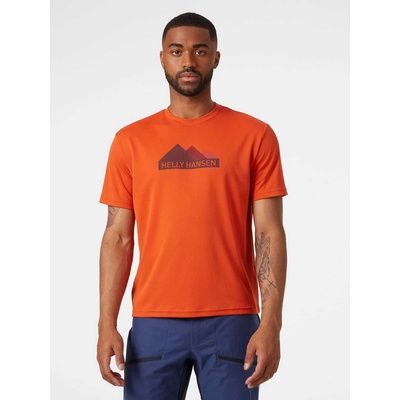 Helly Hansen Тениска hh tech graphic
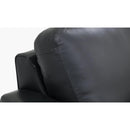  Palliser Leeds 77328-01 Sofa - Traverse Licorice IMAGE 6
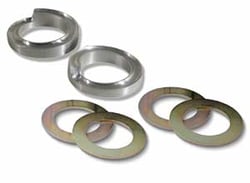 Picture of SPC Performance 94347 Ride Height Tuning Kit Coil Spring Spacers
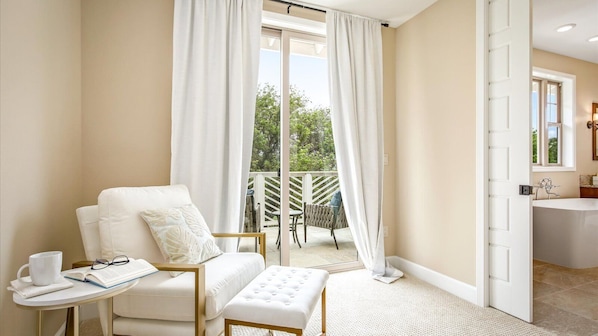 Maison, plusieurs lits, piscine privée, vue montagne (Holua Kai 2) | Intérieur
···
» PROBLEM DESCRIPTION
Everything in the listing except the pictures must be reproduced exactly.

» EXERCISE OUTPUT
 Helly Hansen Тениска hh tech graphic
  Palliser Leeds 77328-01 Sofa - Traverse Licorice IMAGE 6
 Picture of SPC Performance 94347 Ride Height Tuning Kit Coil Spring Spacers
 Maison, plusieurs lits, piscine privée, vue montagne (Holua Kai 2) | Intérieur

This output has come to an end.